### RAW DATA
|---|

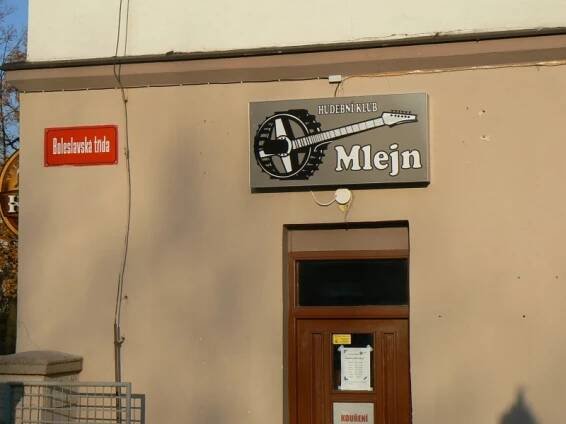 Hudební klub Mlejn v Nymburce otevřel. Zahájily Mixlevpixle a Lipno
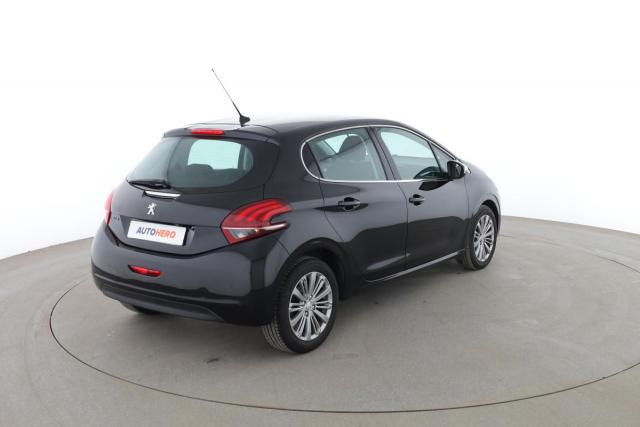 Peugeot 208 image 3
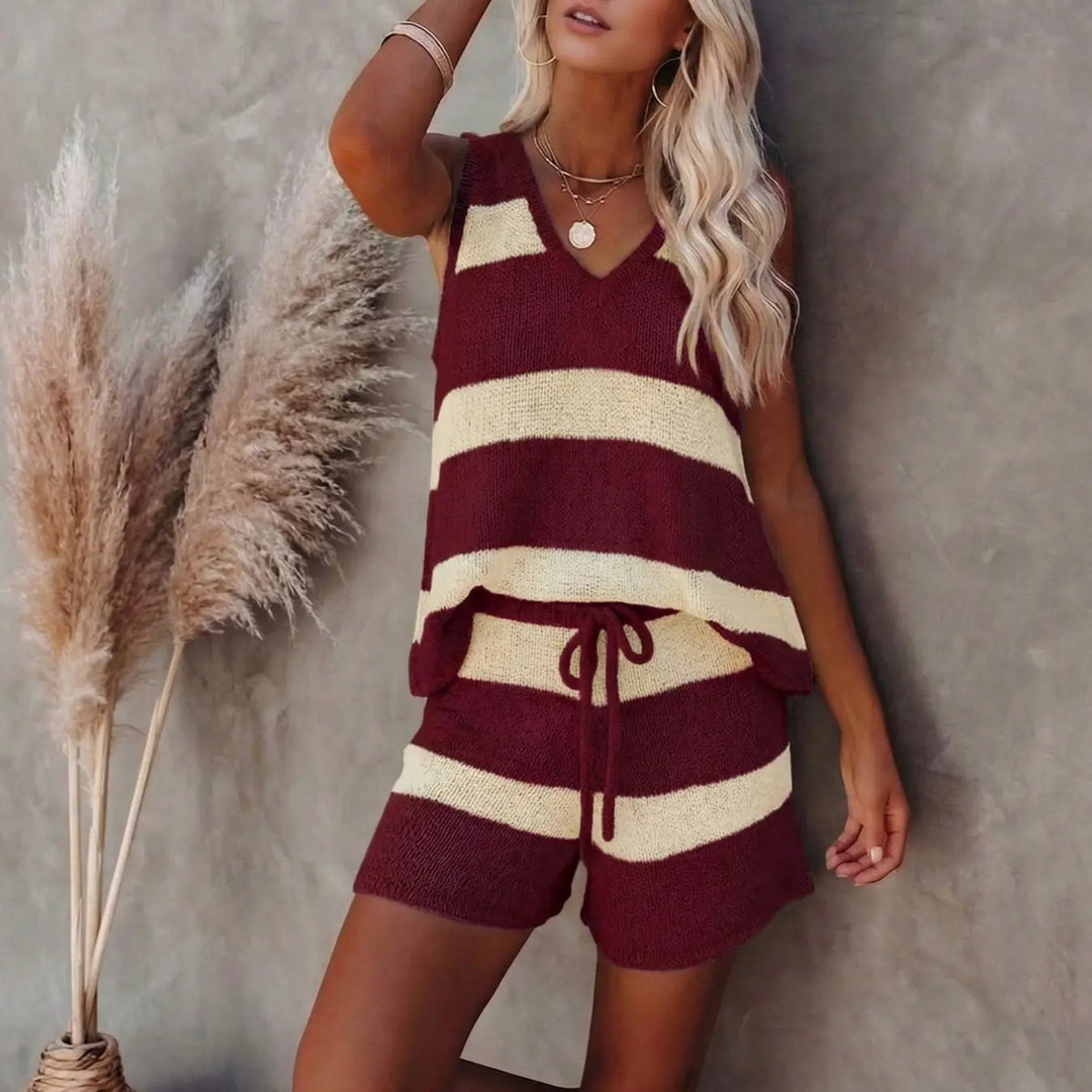 Women's Two-Piece Set, Elegant Sleeveless V-Neck Colorblock Knit Vest and Shorts, Casual Beach Vacation, Summer Daily Wear, Knit Outfit Set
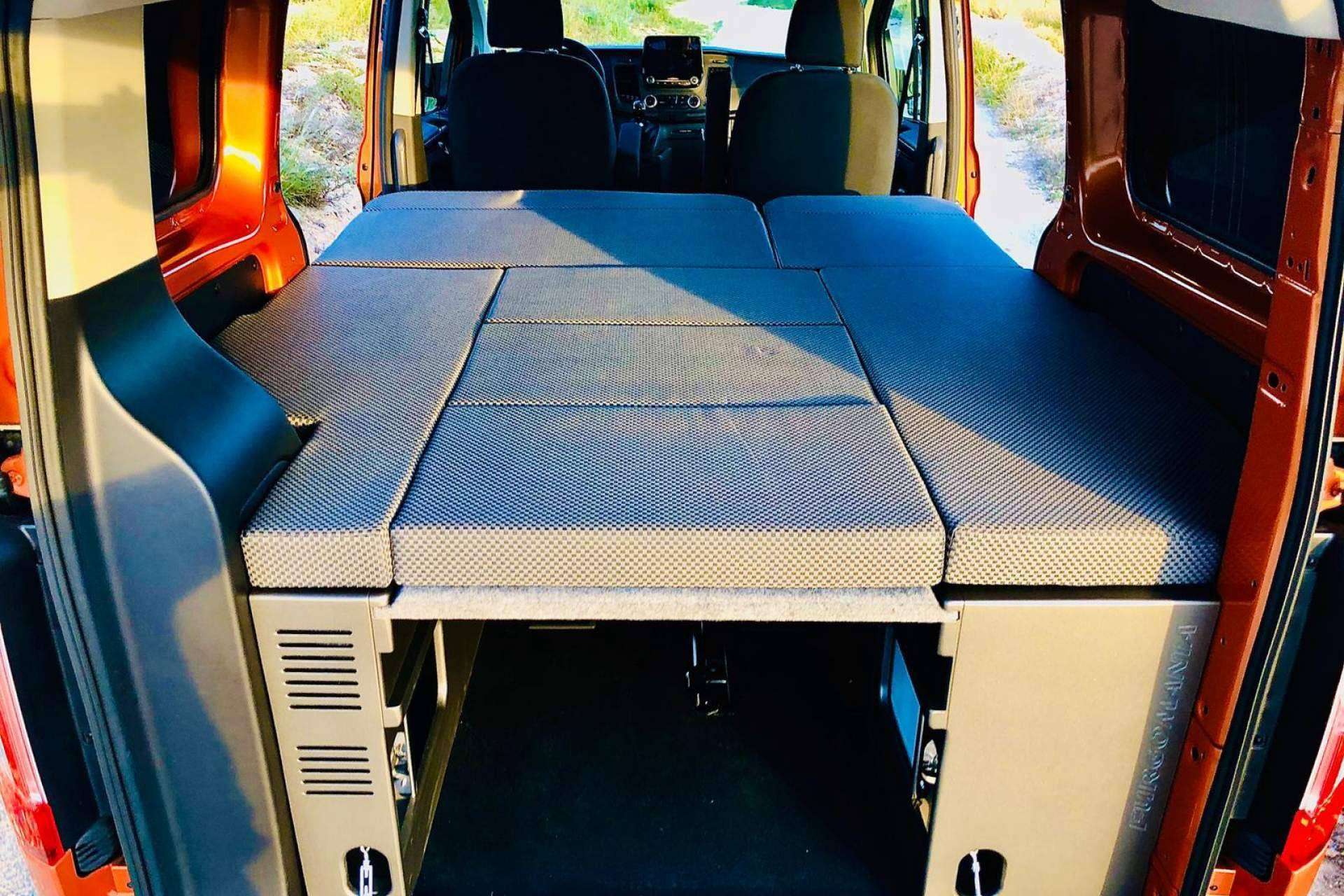 Muebles para furgonetas camper, de la mano de Furgomania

|---|

### DESCRIPTION OF THE TASK
Leave out the pictures, then return every line of the data exactly.

### OUTPUT OF THE TASK
 Hudební klub Mlejn v Nymburce otevřel. Zahájily Mixlevpixle a Lipno
 Peugeot 208 image 3
 Women's Two-Piece Set, Elegant Sleeveless V-Neck Colorblock Knit Vest and Shorts, Casual Beach Vacation, Summer Daily Wear, Knit Outfit Set
 Muebles para furgonetas camper, de la mano de Furgomania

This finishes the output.